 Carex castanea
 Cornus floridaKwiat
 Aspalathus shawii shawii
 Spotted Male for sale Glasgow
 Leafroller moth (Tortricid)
==
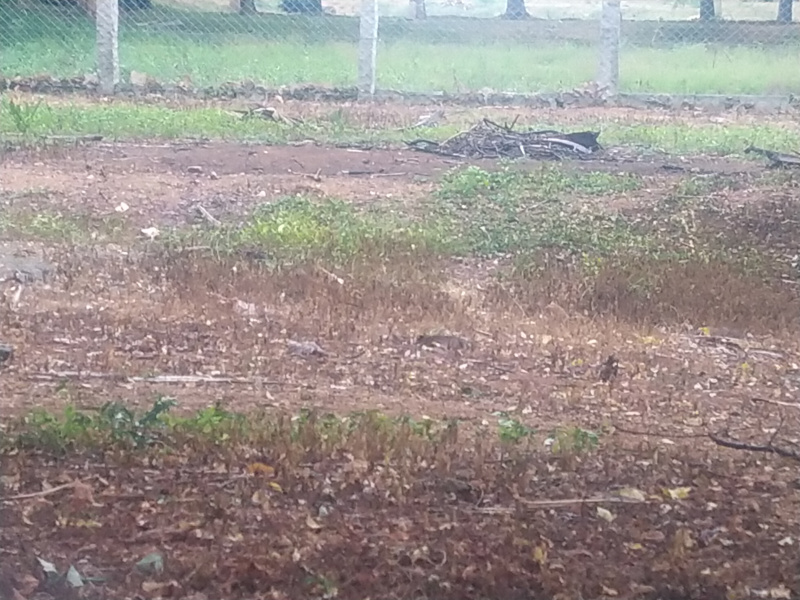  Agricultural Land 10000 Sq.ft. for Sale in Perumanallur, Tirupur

** Task brief **
Only those lines of the entries above that run from the line containing "Spotted Male for sale Glasgow" to the line containing "Leafroller moth (Tortricid)", both included, should be transcribed exactly.

** Written solution **
 Spotted Male for sale Glasgow
 Leafroller moth (Tortricid)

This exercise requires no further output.